I got Delgado at 9 weeks and after four nights of "****" (8 times in 5 hours is the record so far) he now sleeps from 9 PM to 5 AM when I get up for work. He just turned 10.5 weeks so it definetely gets better!


----------



## Tatonkafamily (Apr 6, 2012)

This thread is exactly what I needed!

We brought Roo home on Thursday night and OMG I forgot what having a newborn was like. She HOWLED for about 10 minutes then stopped but never slept...she was quiet for 90 minutes, but I could hear her panting heavily the entire time (crate was next to my bed). When she started crying I took her outside, she did her business and then back in the crate and back to howling for 10 minutes or so. Still can't believe my kids slept through that! She then was quiet enough for me to get about 3 1/3 hours of sleep.

Last 2 nights, more of the same...I am exhausted! By 5:45 no matter what Roo is WIDE awake and ready to go. The girl is a "morning person", heaven help me LOL. 

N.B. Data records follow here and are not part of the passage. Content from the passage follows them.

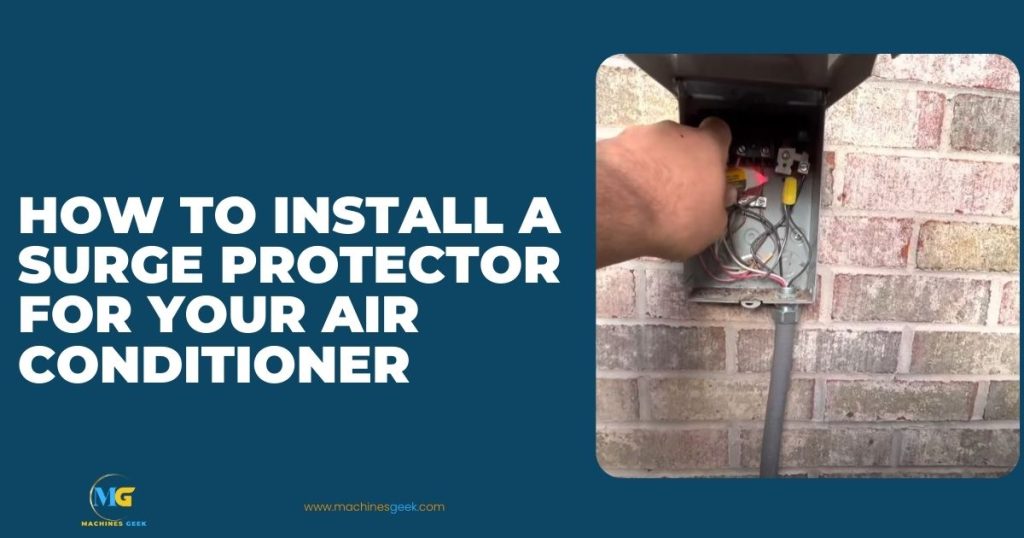 How To Install A Surge Protector For Your Air Conditioner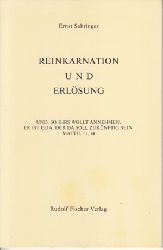 Sehringer, Ernst:  Reinkarnation und Erlsung. 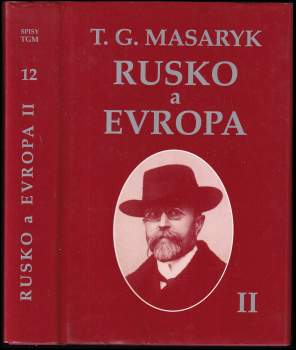 Tomáš Garrigue Masaryk: Rusko a Evropa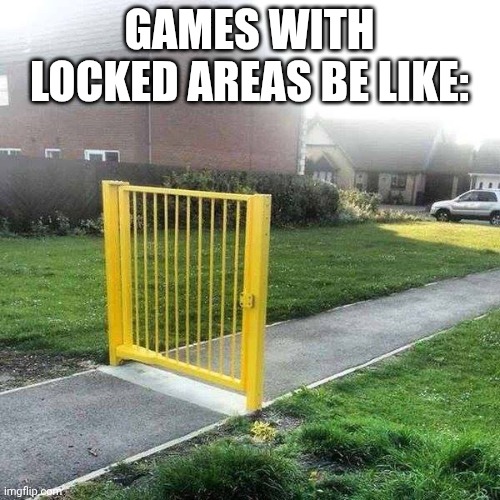 Who here hates the invisible walls? | GAMES WITH LOCKED AREAS BE LIKE: | image tagged in liberal security | made w/ Imgflip meme maker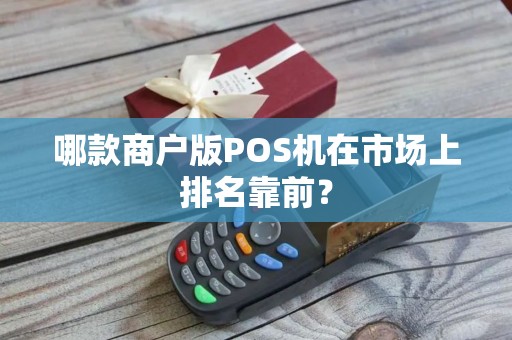 哪款商户版POS机在市场上排名靠前？
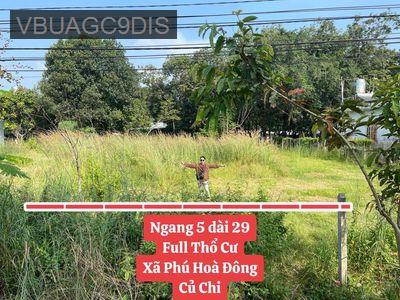 Đất Full Thổ Cư 5x29 Phú Hoà Đông chính chủ - Xã Phú Hòa Đông  -  Huyện Củ Chi 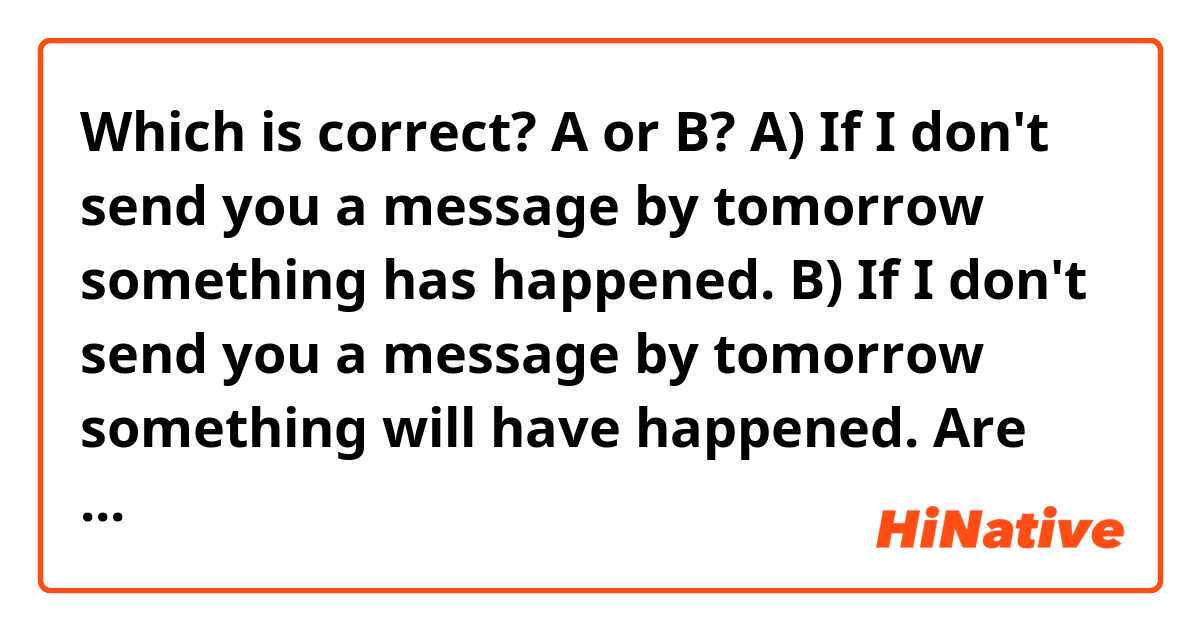 Which is correct? A or B?

A) If I don't send you a message by tomorrow something has happened. 

B) If I don't send you a message by tomorrow something will have happened.

Are both all right?

Thank you. 😊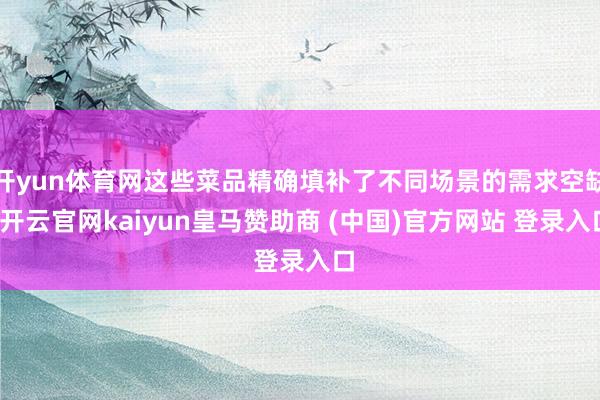 开yun体育网这些菜品精确填补了不同场景的需求空缺-开云官网kaiyun皇马赞助商 (中国)官方网站 登录入口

Just keep swimming, just keep swimming......


----------



## llombardo (Dec 11, 2011)

Tatonkafamily said:


> This thread is exactly what I needed!
> 
> We brought Roo home on Thursday night and OMG I forgot what having a newborn was like. She HOWLED for about 10 minutes then stopped but never slept...she was quiet for 90 minutes, but I could hear her panting heavily the entire time (crate was next to my bed). When she started crying I took her outside, she did her business and then back in the crate and back to howling for 10 minutes or so. Still can't believe my kids slept through that! She then was quiet enough for me to get about 3 1/3 hours of sleep.
> 
> ...


The first week is the hardest, I was falling asleep at my desk at work My pup is an early riser too I can let her out at 2 and she is up by 6 no matter what and if the alarm goes off and I'm not moving fast enough I have GSD in my face


----------